Fourie says inflated house prices were a significant driver of the US’s subprime mortgage crisis in 2008, as individuals took out mortgages larger than the real value of their homes.
“We lend against income and expenses, so you can’t have an inflated situation. There’s a fundamental difference between what happened in the US and ourselves,” Fourie says.
Capitec says it has strict affordability assessments and prudent provisioning.
It provides 8% for loans that are up to date, 46% for clients behind with one instalment, 74% for two instalments and 87% for three instalments.
After 90 days in arrears, it writes the loan off.
However, it’s doubtful that all other unsecured lenders are as conservative.
African Bank (Abil), for example, would only start to provide for a loan once someone was over three months in arrears, whereas Capitec is 100% provisioned, says Jean-Pierre Verster of 36ONE Asset Management.
Verster says in the unsecured lending market consumers will take out a loan to pay another. Since there is an overlap between Abil and Capitec clients, he’s waiting to see what the vintages will be of the larger, longer-term loans issued by Capitec now that Abil’s credit tap is but a trickle.

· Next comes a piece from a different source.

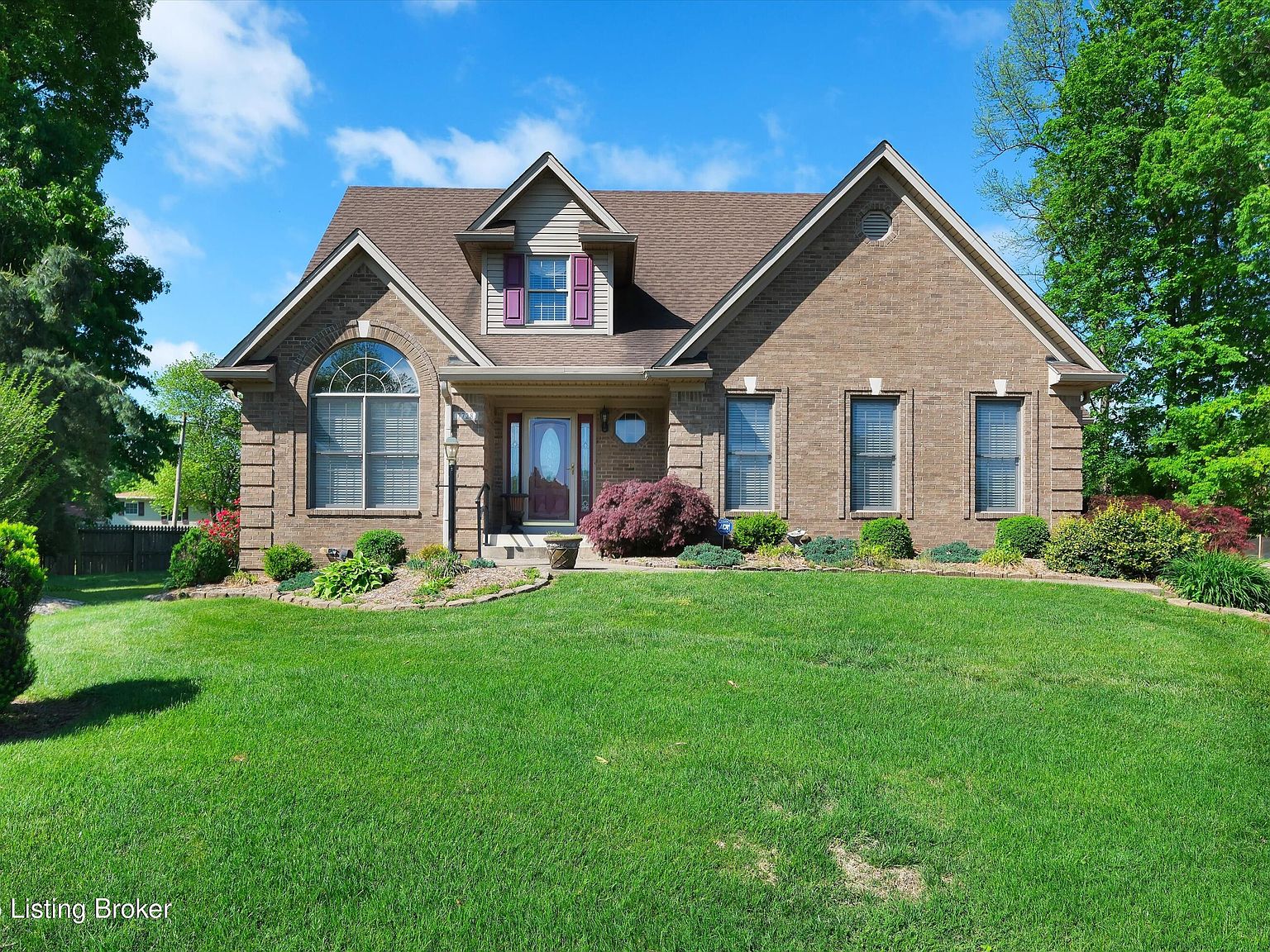 RickOwensFOGPOCKET★46★RR01C4724CVSL 7728 Cottage Cove Way, Louisville, KY 40214 | MLS #1700453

Since banks have not created a model to address the housing need in South Africa, unsecured lending is vital, stresses Fourie. He says 93% of mortgages are above R350 000, with mortgagee numbers stagnant at 1.8 million.
“There is a need for R500 000- and-lower mortgages and no one is in that particular market. The only way to get credit is in the unsecured market,” he points out.
– An earlier version of this article was headlined “Investec: What crisis?”. It has since been corrected. The Citizen apologises for the error.